问题
I have a dataset of >800k rows (example):
id fieldA fieldB codeA codeB
120 Similar one addrs example1 929292 0006
3490 Similar oh addrs example3 929292 0006
2012 CLOSE CAA addrs example10232 kkda9a 0039
9058 CLASE CAC addrs example01232 kkda9a 0039
9058 NON DONE addrs example010193 kkda9a 0039
48848 OOO AD ADDD addrs example18238 uyMMnn 8303
Field ID is an unique id, both fields codeA and codeB must be the same, but the fields fieldA and fieldB need a Levenshtein distance or similar function. I need to find which rows are very similar based on that. The output could be something on the lines of:
codeA codeB Similar
929292 0006 120;3490
kkda9a 0039 2012;9058
kkda9a 0039 9058
uyMMnn 8303 48848
A distance matrix for a dataset this big wouldn't work and wouldn't make much sense if I have 2 constrainsts like codeA and codeB. I guessing one approach would be a plyr function to split by codeA-codeB, but I'm stuck after that
For clarification, I want to group together all rows that have high similarity in both fieldA and fieldB, and have an exact match in codeA and codeB.
EDIT:
Following David DeWert idea, something along this line seem to work for each codeA-codeB group, not a nice output put seems a step in the right way:
library(stringdist)
clustering<-function(x){
if(nrow(x)>1){{d<-stringdistmatrix(paste(x$fieldA,x$fieldB),paste(x$fieldA,x$fieldB),method = "qgram")
rownames(d)<-x$id
hc <- hclust(as.dist(d))
#I need to evaluate correctly this cutting
res<-cutree(hc,h=5)
#This returns a list, one element for each cluster found and a named vector inside with the elements
return(res)
}else{
res<-1
names(res)<-x$id
return(res)
}
}
Now I need to find a way to split the dataframe in codeA-codeB groups and apply this function to them.
EDIT2:
I managed a "good enough" approach for this using the previous function clustering and the plyr package.
result<-dlply(testDF,.(codeA,codeB),clustering)

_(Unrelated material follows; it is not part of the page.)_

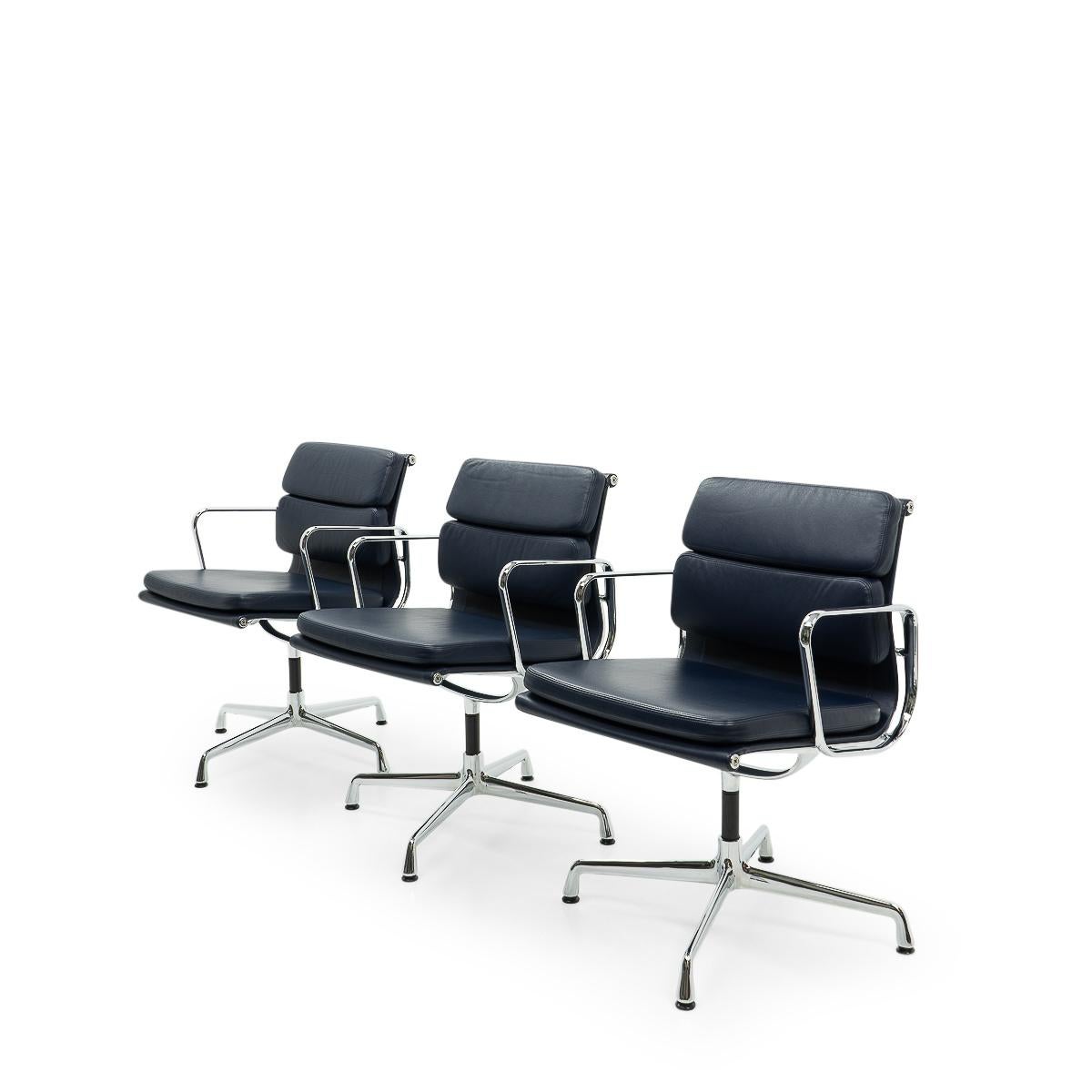 The Aluminum group chairs by Charles & Ray Eames are one of the most important designs of the 20th Century. Their original design from the 1950s is still relevant today, giving interiors all over the world a touch of modern elegance.


On offer we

This creates a list with each of the "group by codeA,codeB" like:
$`929292.0006`
120 3490
1 1
$kkda9a.0039
2012 9058 9058
1 1 2
$uyMMnn.8303
48848
1
attr(,"split_type")
[1] "data.frame"
attr(,"split_labels")
codeA codeB
1 929292 0006
2 kkda9a 0039
3 uyMMnn 8303
Which effectively clusters by fieldA and fieldB the groups created by codeA and codeB. This doesn't get my desired output, but since I can't get a better solution, will have to do. My biggest gripe with this is that the nature of the plyr functions wont allow me to get more than 1 row by group (which makes complete sense) so I have to use list as a result instead of dataframe, not a real concern. The problem arises when the dataset is quite big (like this) and plyr doesn't work very well with them ... and the alternative dplyr package is not compatible with list results... oh well.
回答1:
Create a new field called "codeAB" to partition the data according to the codeA-codeB match like so:
data$codeAB <- factor(apply( data[ , c(4,5) ] , 1 , paste , collapse = "-" ))
Then cluster each of levels(data$codeAB)
with Damerau-Levenshtein .
People seem to be suggesting that ELKI http://en.wikipedia.org/wiki/ELKI is good at clustering large collections of data without building a distance matrix.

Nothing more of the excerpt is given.